* [TRY IT]: What you return should be the full listing, word for word, without a single image.
Top of PROVIDED MATERIAL
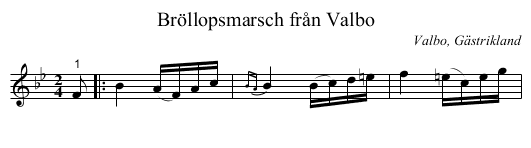 Bröllopsmarsch från Valbo - staff notation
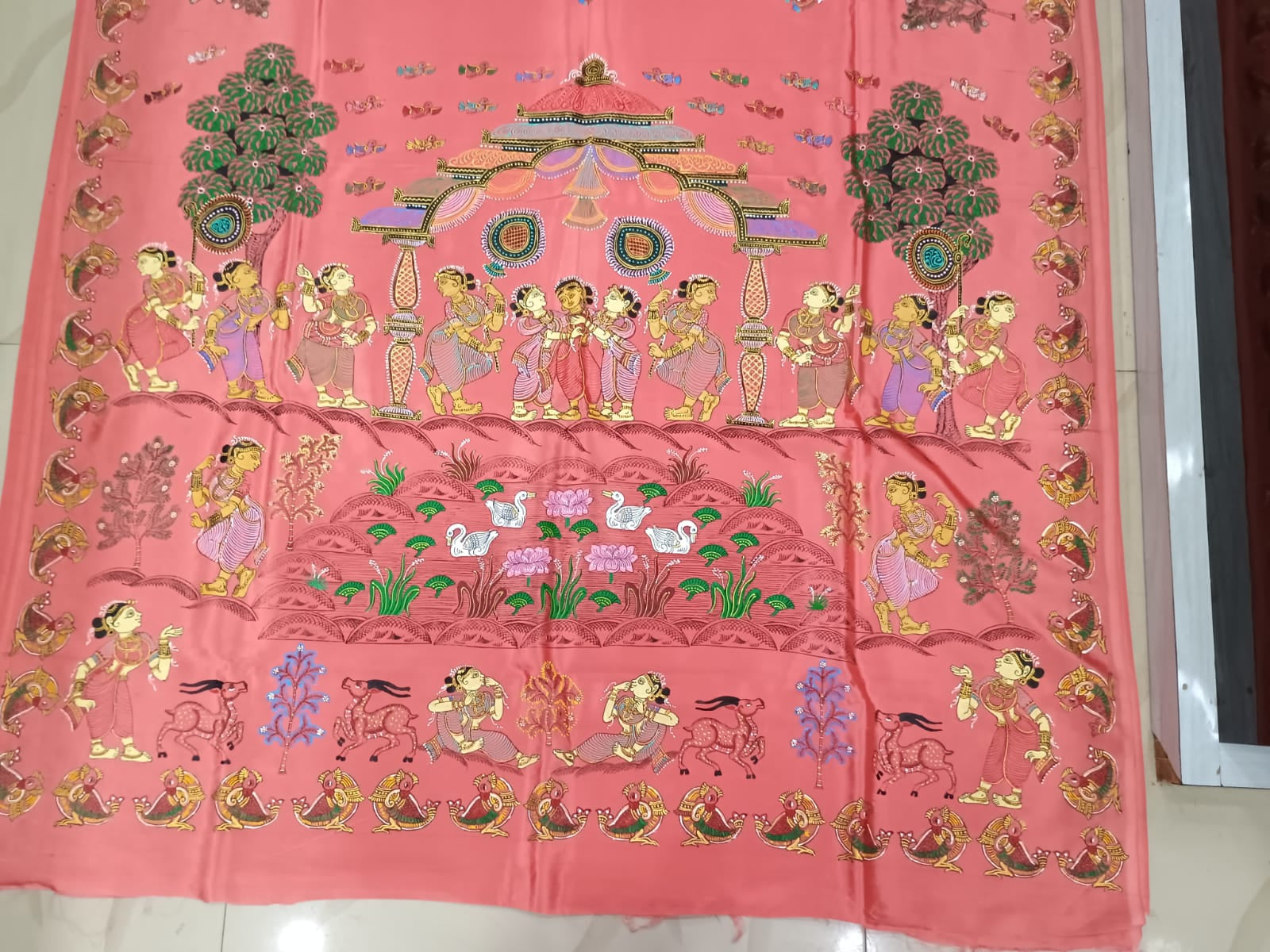Peach Sakhi Rasa Theme Pattachitra Khadi Silk Saree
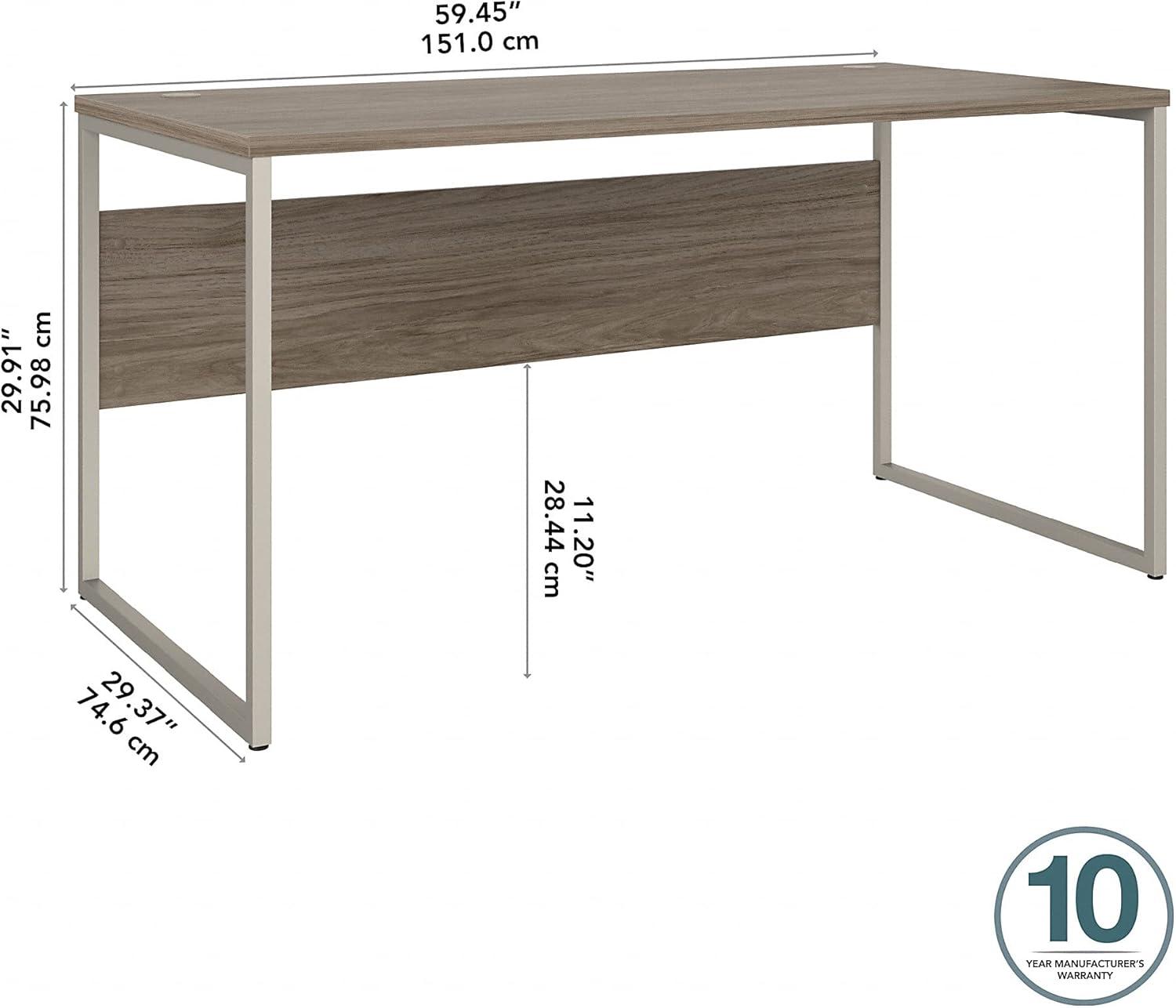 Modern Hickory 60W Home Office Desk with Silver Metal Legs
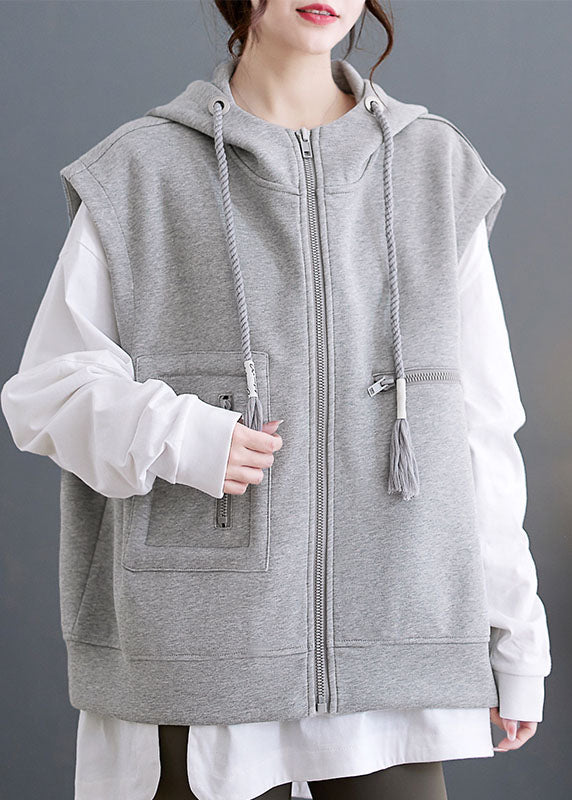 Grey Zippered Drawstring Hooded Waistcoat Sleevele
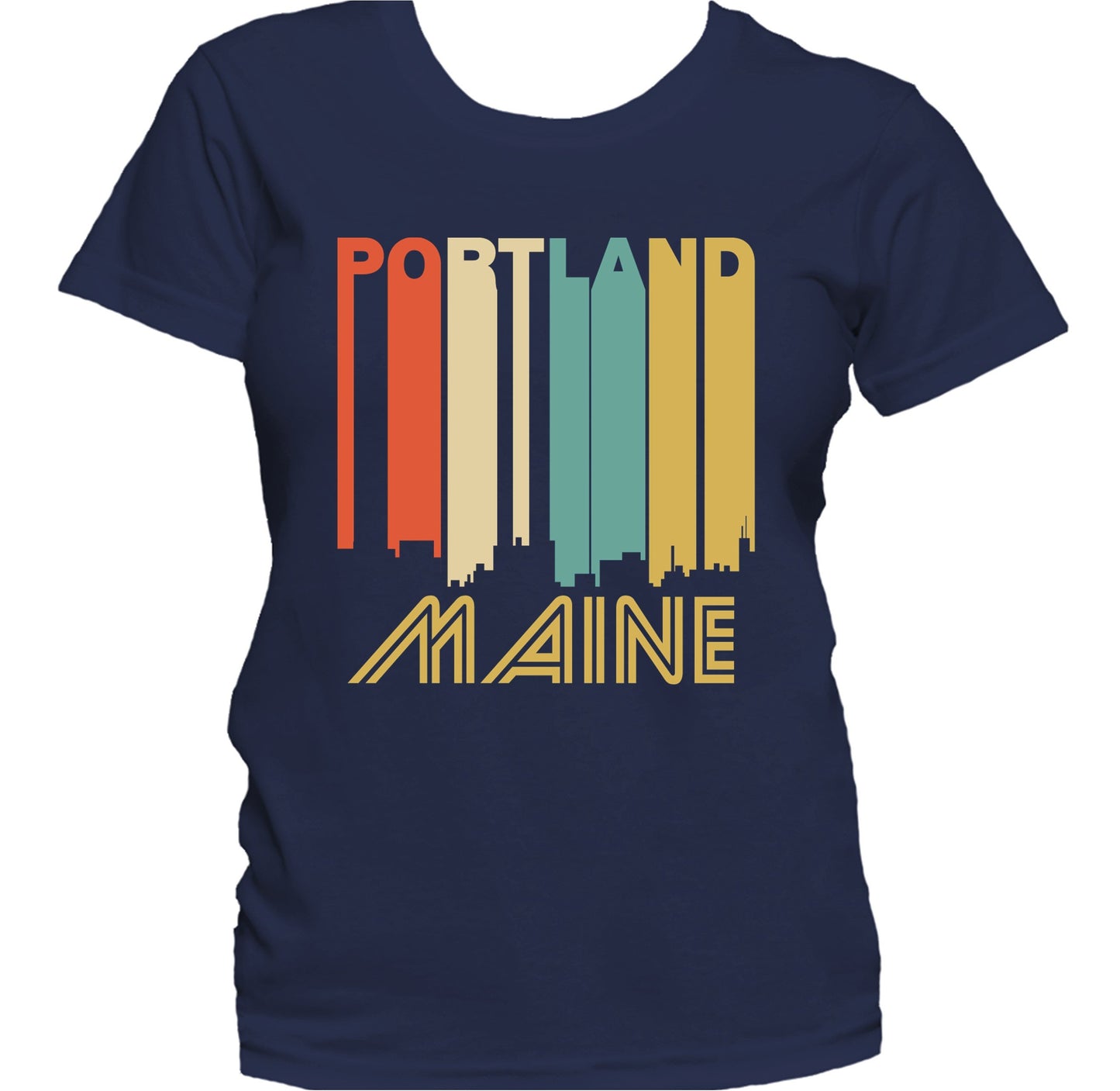 Retro 1970's Style Portland Maine Skyline Women's T-Shirt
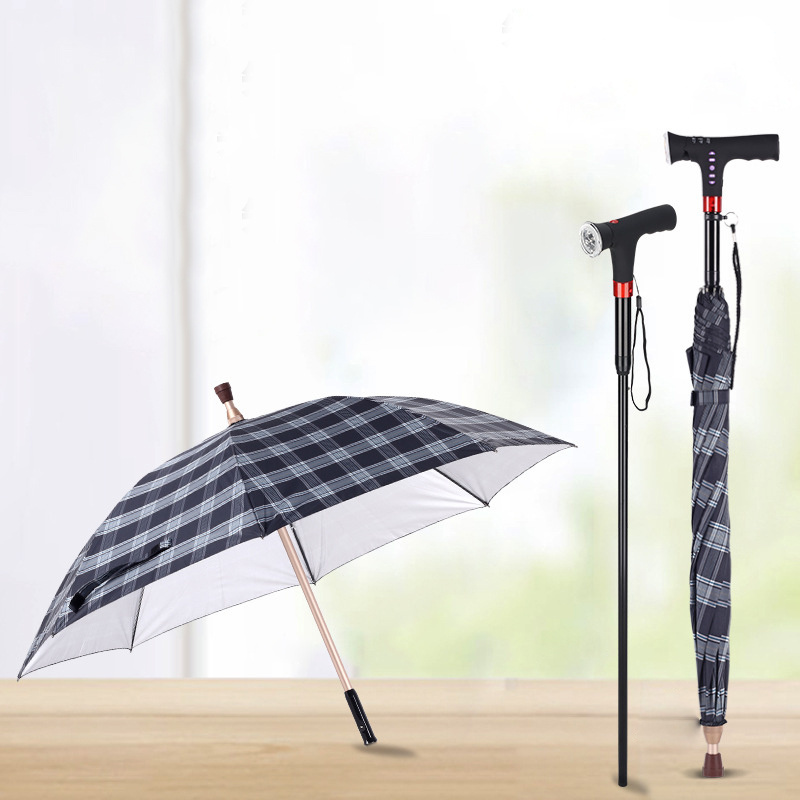 Intelligent Multifunctional strong walking stick umbrella cane for old man hiking and walking assist SOS umbrellas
Bottom of PROVIDED MATERIAL
* [ANSWER TO THIS TASK]:
 Bröllopsmarsch från Valbo - staff notation
Peach Sakhi Rasa Theme Pattachitra Khadi Silk Saree
 Modern Hickory 60W Home Office Desk with Silver Metal Legs
 Grey Zippered Drawstring Hooded Waistcoat Sleevele
 Retro 1970's Style Portland Maine Skyline Women's T-Shirt
 Intelligent Multifunctional strong walking stick umbrella cane for old man hiking and walking assist SOS umbrellas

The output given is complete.